# 95 Nissan Altima Parts.



## dc_kidz_usa (Mar 6, 2007)

i have a 1995 4 door Nissan Altima. the motor seized up on me. it has many upgrades. full body kit, projector headlights. lowered, spoiler..many more. ill sell the car in whole.. or i can part anything out to you. if u want sumthing off of it. email me for pixx [email protected]. or reply to this. the car does NOT run the motor seized up. the pistons are bad. but if there is anything else u need from the motor or interior, or exterior IE body kit, ill part it out to you. email me at the above address for pix and prices.

i need to start selling off of it asap! i WILL bargin prices!!

Full Body Kit VIS racing...(4door side skirts)
2.1 inch Lowering Coil Overs.
Front Strut bar.
Projector Headlights.
Rear Spoiler.
interior is in almost perfect cond. ill sell seats..sunvisors..whatever u want..
exterior has NO DENTS OR RUST! ill sell anything ..trunk..spoiler..tail lights..
anything u need from the motor..except pistons(went bad) ill sell.. 

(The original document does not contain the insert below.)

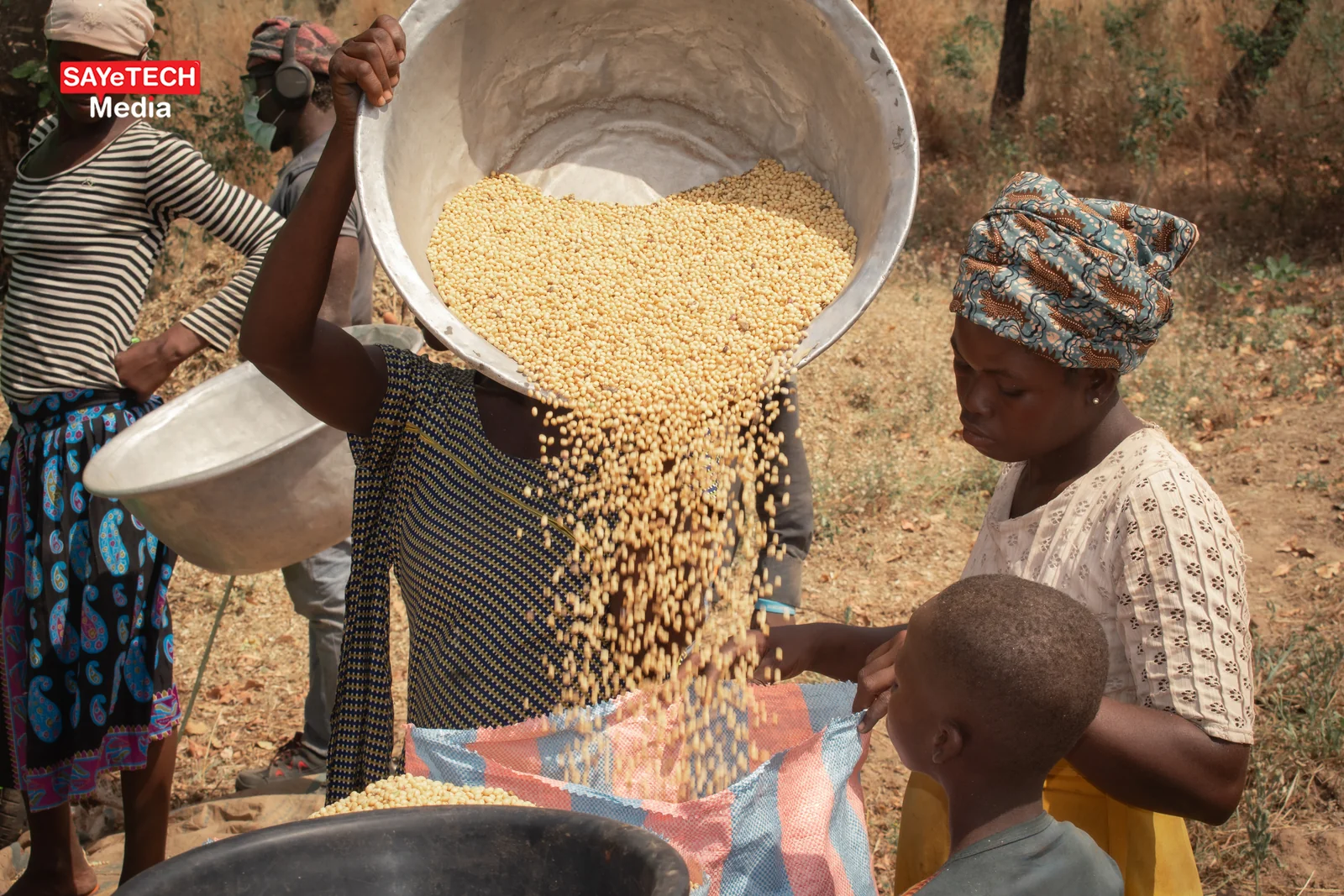 Multi-Crop Thresher view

PLEASE EMAIL ME IF U WANT ANYTHING AND WE'LL TALK PRICES!! 
I WILL BARGIN I NEED TO SELL ASAP!! 

[email protected]


thanks,
Jon L.


----------



## WhiteFox (Sep 4, 2002)

How's the transmission? what kind is it?

I might be interested in the body kit, headlights, and spoiler as well..


----------



## Sargeue (Aug 6, 2006)

I have 1993 altima, will the spoiler and headlights fit, if so I want them and visors also?
Pay by paypay!!! Thx!


----------



## Leuthesius (Sep 7, 2006)

What kind of seats are in your car? I'm looking for some... are they black?


----------



## brockmandl (Dec 9, 2007)

Is the head still good? If so -- How much including shipping??


----------